- Born: 1849
- Died: 1921
- Occupation: Lawyer
- Known for: Being one of the first African-American lawyer of Tennessee

= Prince Albert Ewing =

One of the first Tennessee black lawyers

Prince Albert Ervin Ewing (1849–1921) was one of Tennessee's first Black lawyers, a pioneering African American attorney and civil rights advocate in Tennessee. Born into slavery, Ewing became one of the first Black lawyers in the state during a time of extreme racial segregation. His twin brother, Taylor G. Ewing, was also an influential civil rights lawyer.

== Life ==
Prince Albert Ewing was born 28 Feb 1849 in Davidson County, Tennessee. His mother was Margaret (Ewing) Thompson. According to descendants, he was born enslaved at the Travellers Rest plantation in Nashville which was owned by John W Overton's family.

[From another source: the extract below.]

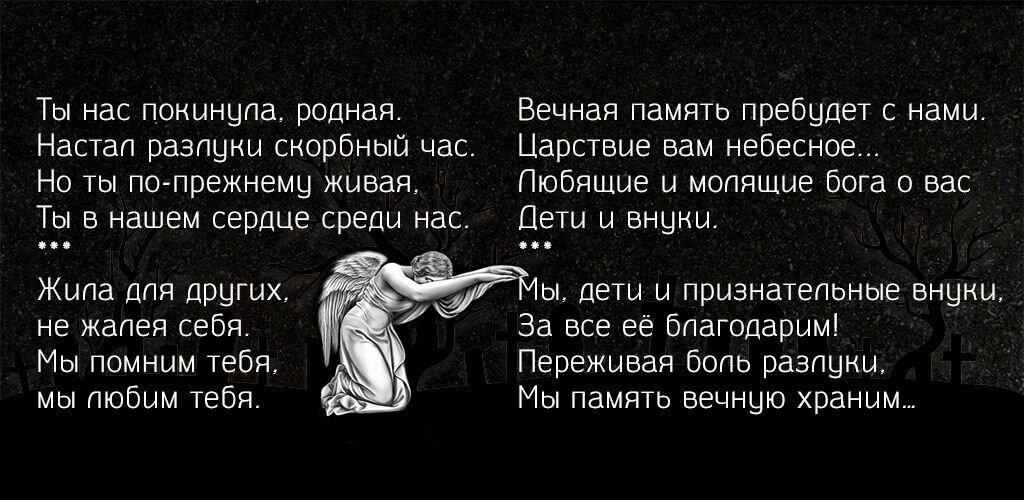 Стихи о любимой бабушке | ВКонтакте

Ewing studied law under the influential lawyer/politician Edward Baxter. Born into slavery, Ewing had eventually become a Fisk graduate. Many local historians believe that when he obtained a “regular” attorney's license on September 15, 1871, he was likely the first African American to do so. Prince married Isabella Watson in 1872.

== Career ==
Ewing and his brother played a crucial role in advocating for African American rights, including efforts to challenge discriminatory laws and practices. Their law office in Nashville became a focal point for African American legal action.